## SOURCE MATERIAL:
┄┄┄┄┄┄┄┄┄┄
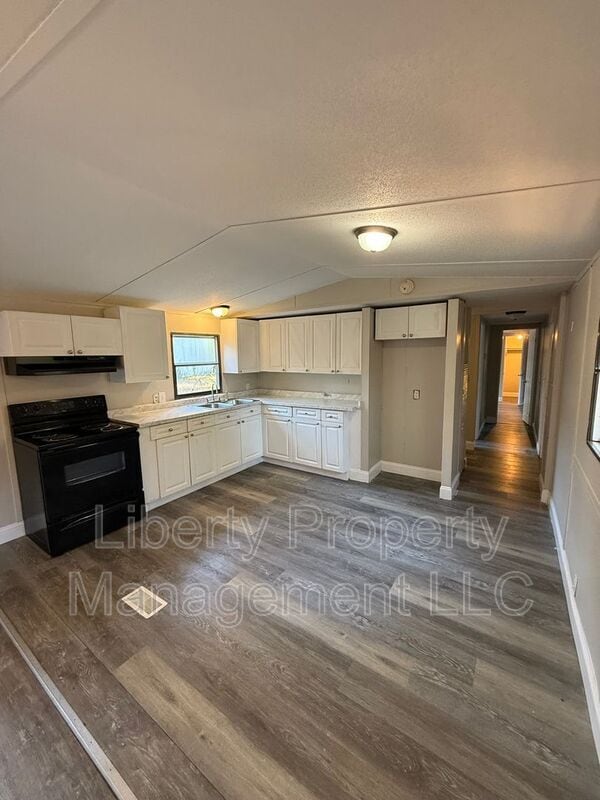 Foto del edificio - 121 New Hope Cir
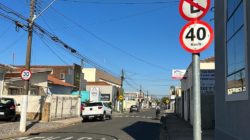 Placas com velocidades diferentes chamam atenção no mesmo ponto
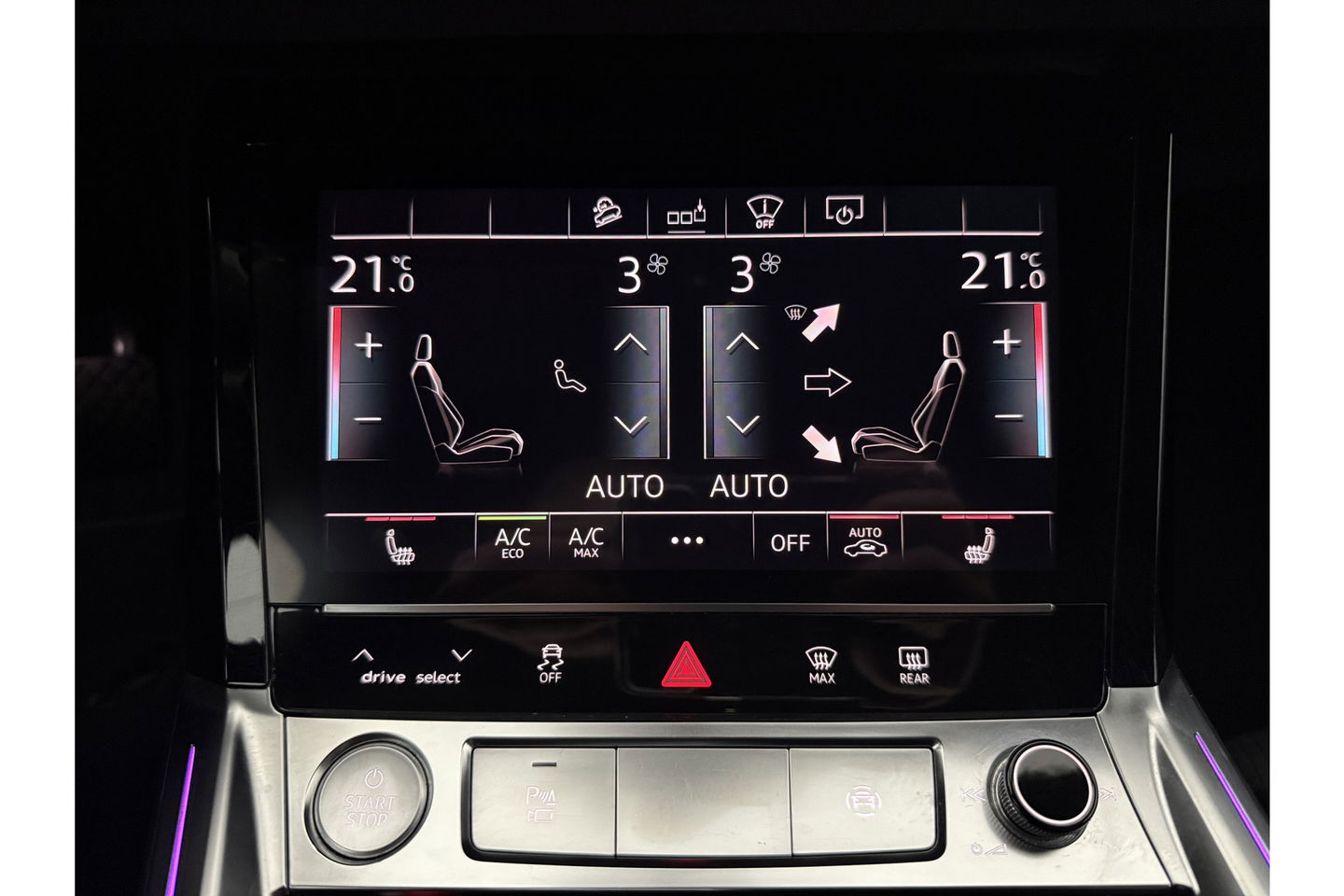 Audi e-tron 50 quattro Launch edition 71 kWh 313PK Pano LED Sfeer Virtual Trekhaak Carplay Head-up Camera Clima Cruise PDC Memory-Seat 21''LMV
┄┄┄┄┄┄┄┄┄┄
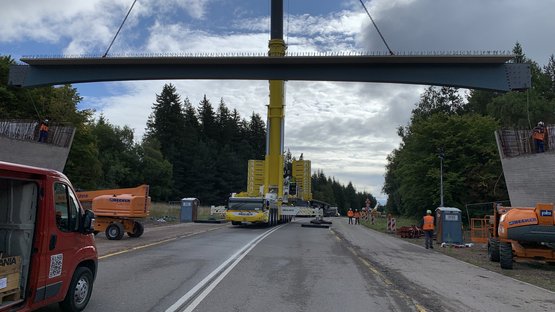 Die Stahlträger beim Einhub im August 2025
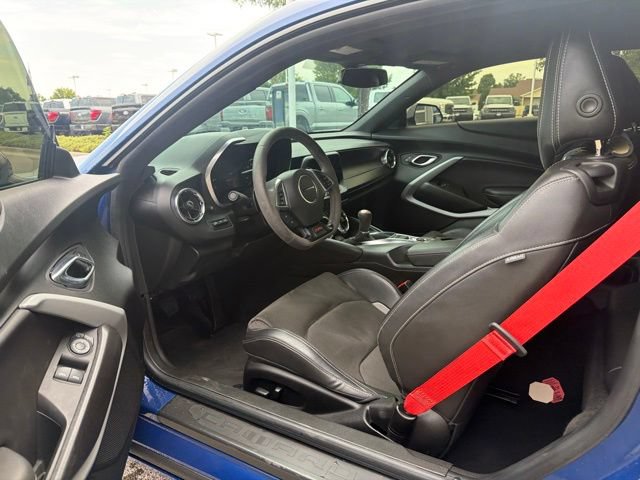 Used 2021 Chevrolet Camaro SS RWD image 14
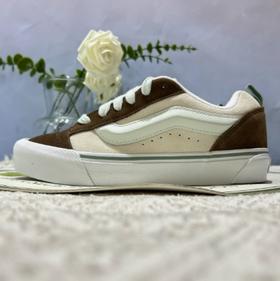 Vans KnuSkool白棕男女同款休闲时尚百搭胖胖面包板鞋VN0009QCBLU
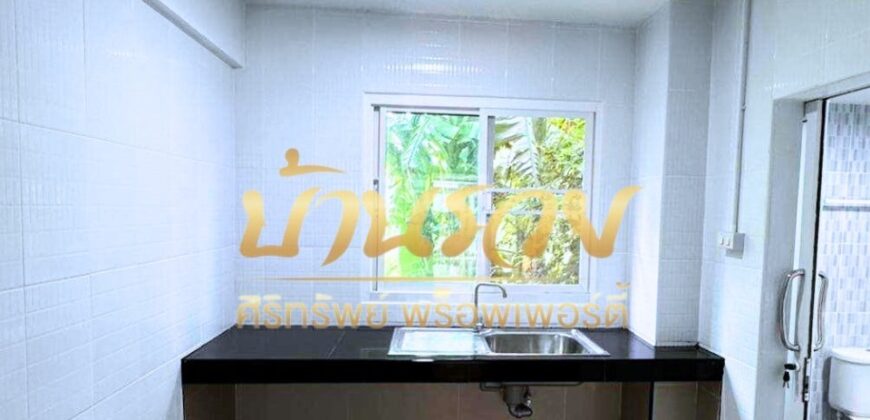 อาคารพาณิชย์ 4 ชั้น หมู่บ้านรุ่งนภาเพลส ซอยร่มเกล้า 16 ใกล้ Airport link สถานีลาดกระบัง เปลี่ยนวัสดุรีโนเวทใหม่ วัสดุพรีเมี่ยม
┄┄┄┄┄┄┄┄┄┄
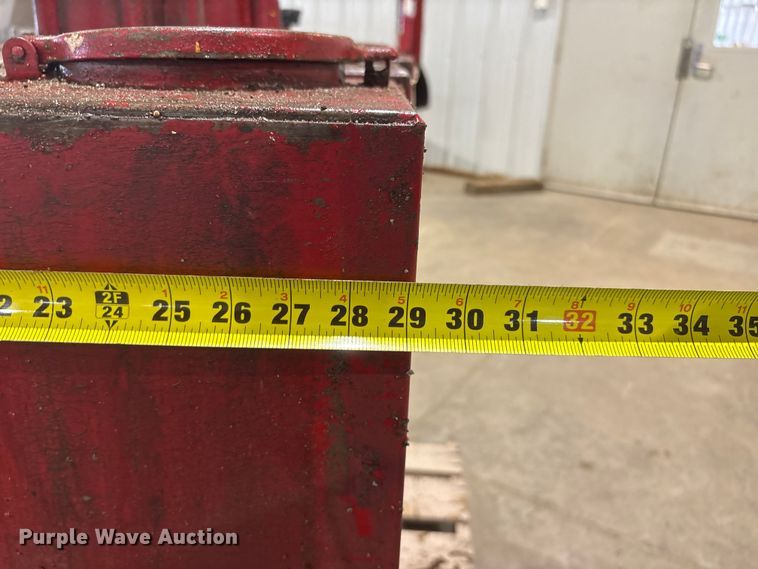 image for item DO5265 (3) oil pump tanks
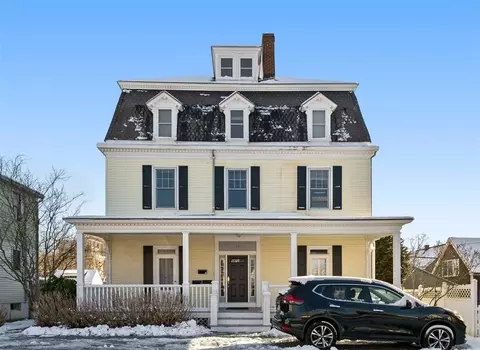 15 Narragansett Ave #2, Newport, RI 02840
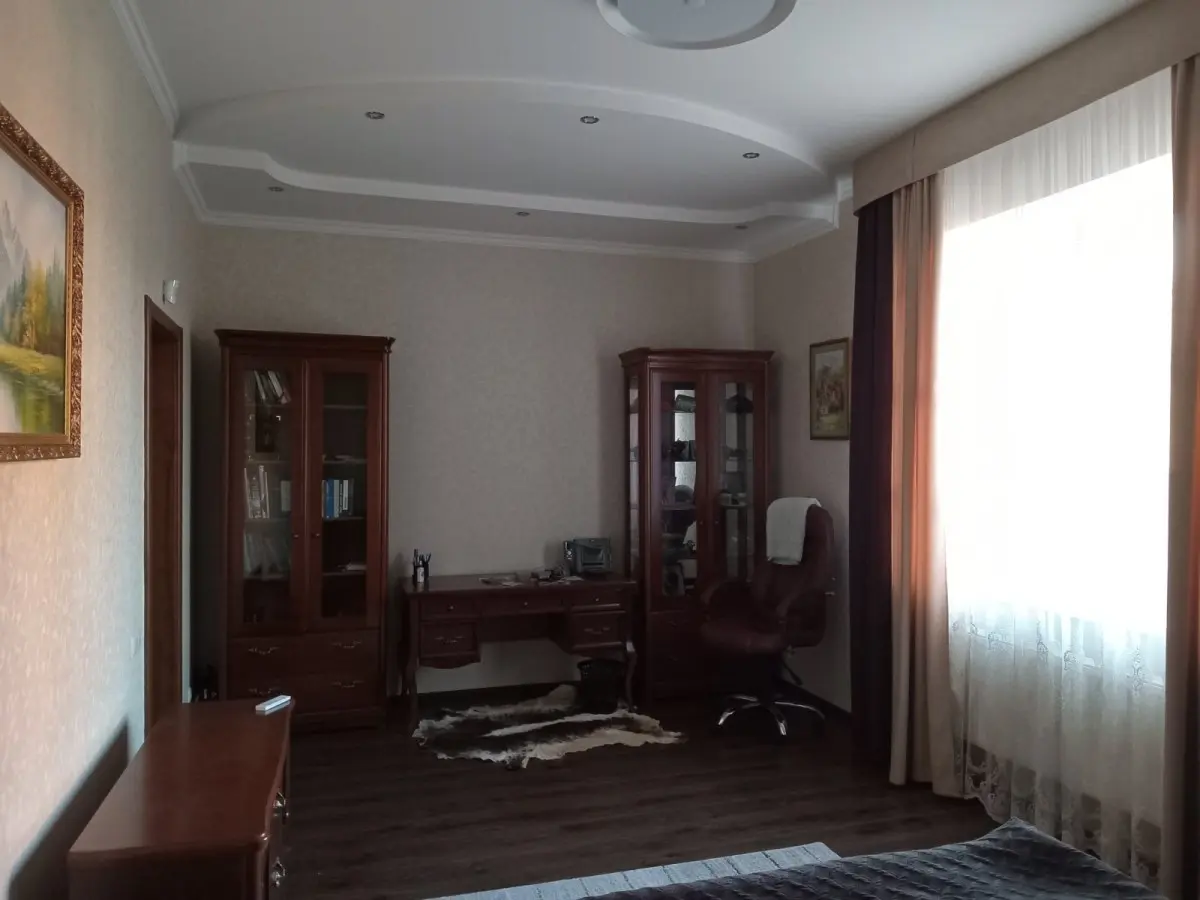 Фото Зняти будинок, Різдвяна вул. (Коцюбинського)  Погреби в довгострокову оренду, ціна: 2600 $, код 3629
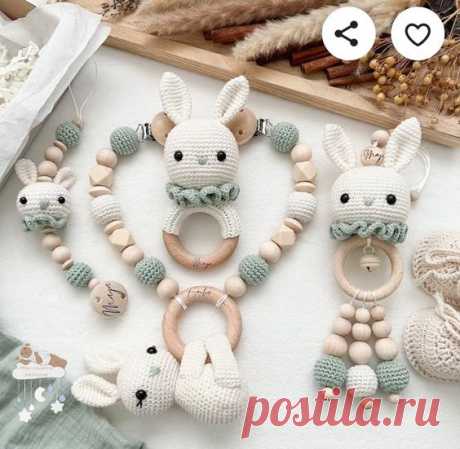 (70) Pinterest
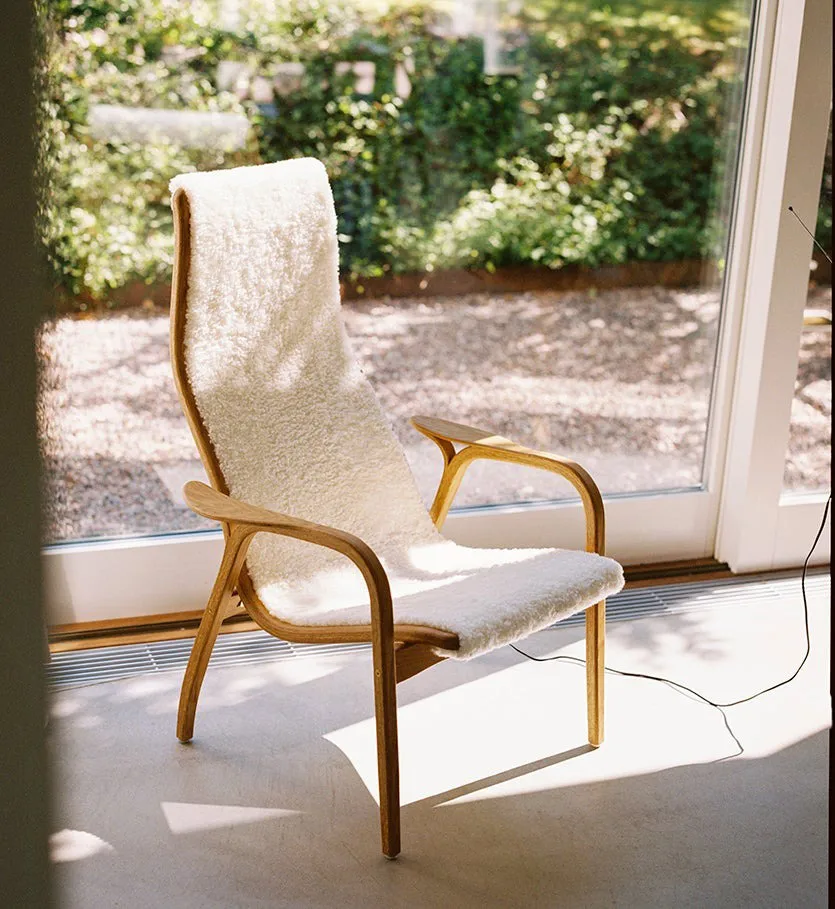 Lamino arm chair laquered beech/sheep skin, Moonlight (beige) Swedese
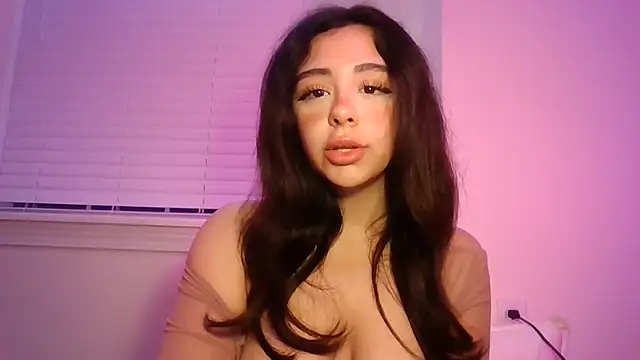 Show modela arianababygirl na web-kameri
┄┄┄┄┄┄┄┄┄┄
## WHAT YOU HAVE TO DO:
Would you print exactly the lines in the listing above, from the line bearing "Used 2021 Chevrolet Camaro SS RWD image 14" through the line bearing "อาคารพาณิชย์ 4 ชั้น", leaving out all pictures?

## RESULT OF THIS EXERCISE:
 Used 2021 Chevrolet Camaro SS RWD image 14
 Vans KnuSkool白棕男女同款休闲时尚百搭胖胖面包板鞋VN0009QCBLU
 อาคารพาณิชย์ 4 ชั้น หมู่บ้านรุ่งนภาเพลส ซอยร่มเกล้า 16 ใกล้ Airport link สถานีลาดกระบัง เปลี่ยนวัสดุรีโนเวทใหม่ วัสดุพรีเมี่ยม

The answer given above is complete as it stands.